TASK ITEM
Everything in the listing should be copied exactly, save for the pictures.

DATA EXCERPT
- - - - - - -

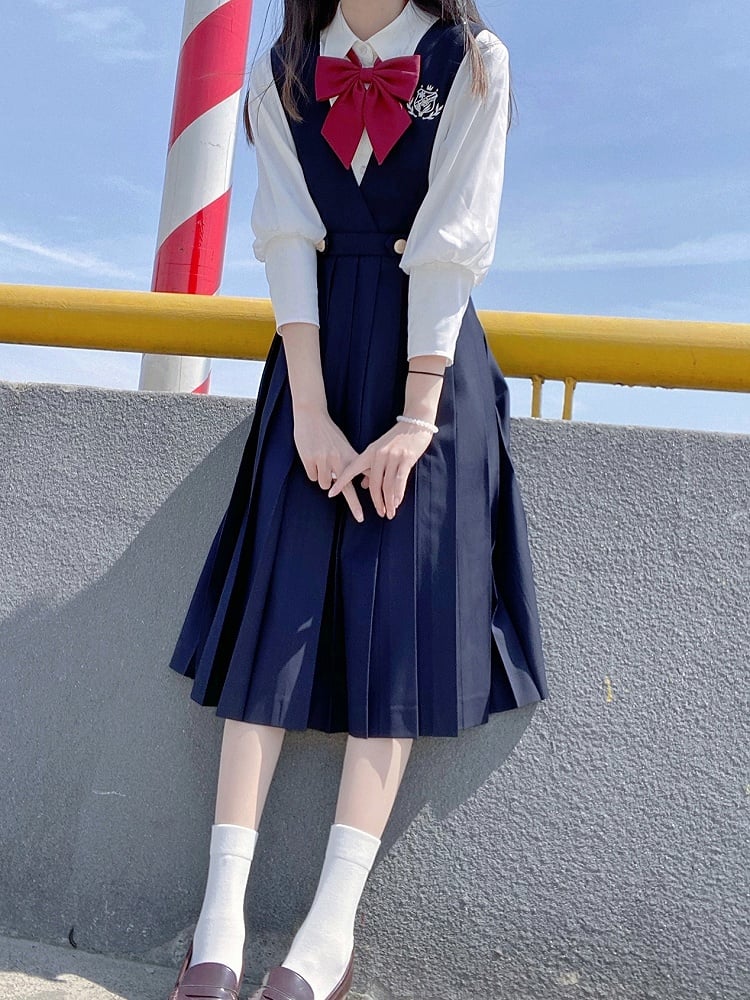 70cm Dark / High Waist Box Pleat Skirt Overalls 65 Blue Length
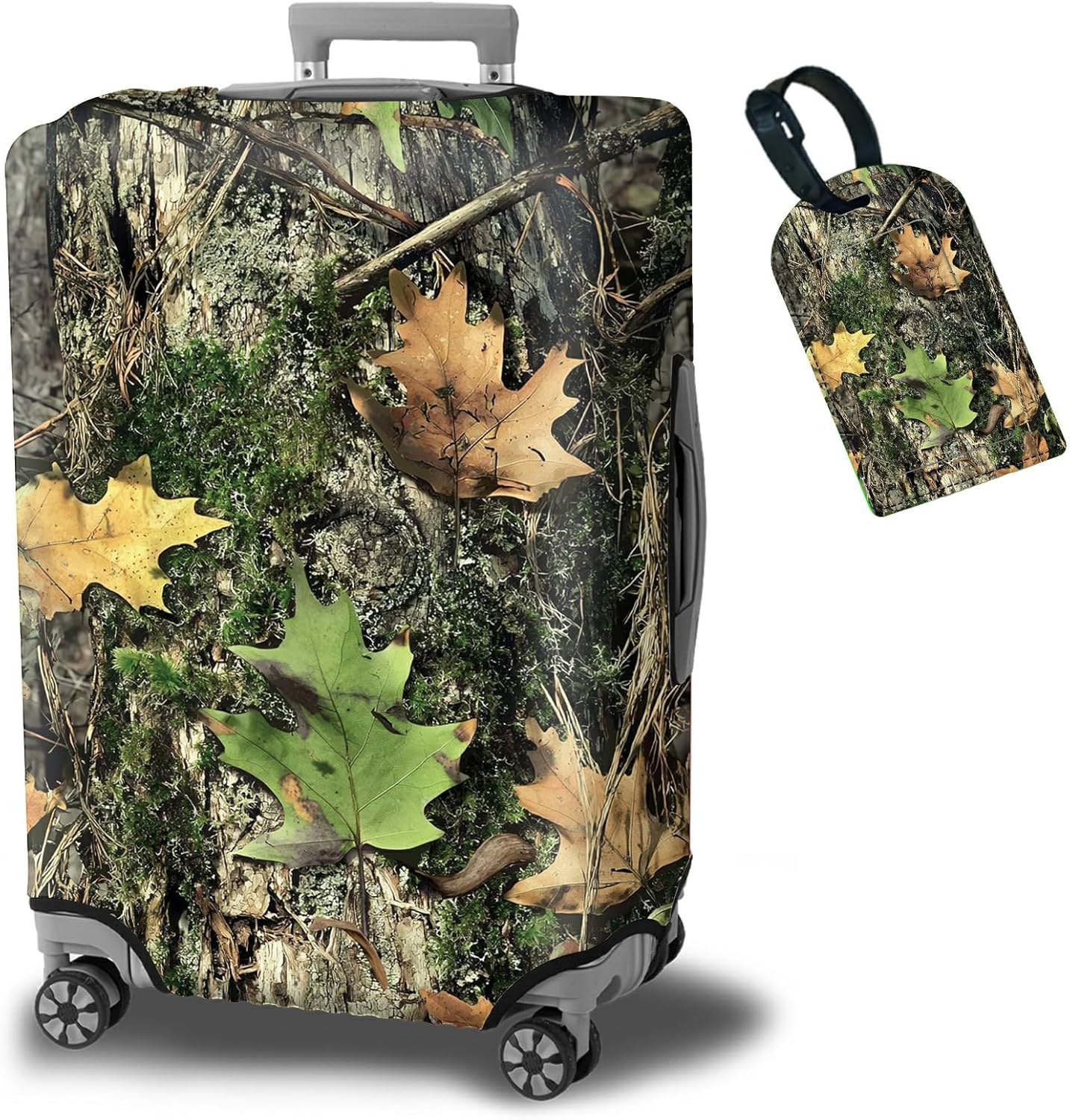 Luggage Cover Plus - Camo Tree Travel Suitcase Cover for 26-28 inch Luggage with Concealed Zipper, Washable Elastic Cloth, Dustproof, Anti-Scratch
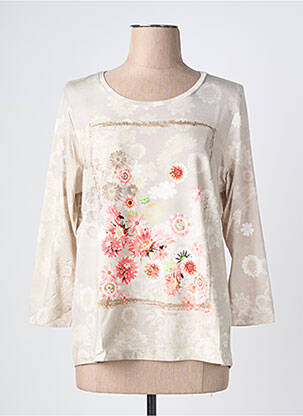 T-shirt sérigraphie manches 3/4 beige THOMAS RABE femme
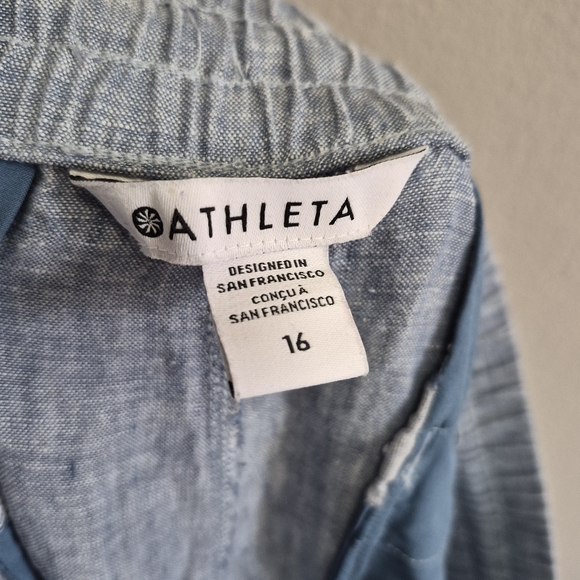 Athleta Retreat Linen High Rise Wide Leg Pants Chambray Blue Size 16 - Picture 7 of 9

- - - - - - -

FINISHED EXERCISE
 70cm Dark / High Waist Box Pleat Skirt Overalls 65 Blue Length
 Luggage Cover Plus - Camo Tree Travel Suitcase Cover for 26-28 inch Luggage with Concealed Zipper, Washable Elastic Cloth, Dustproof, Anti-Scratch
 T-shirt sérigraphie manches 3/4 beige THOMAS RABE femme
 Athleta Retreat Linen High Rise Wide Leg Pants Chambray Blue Size 16 - Picture 7 of 9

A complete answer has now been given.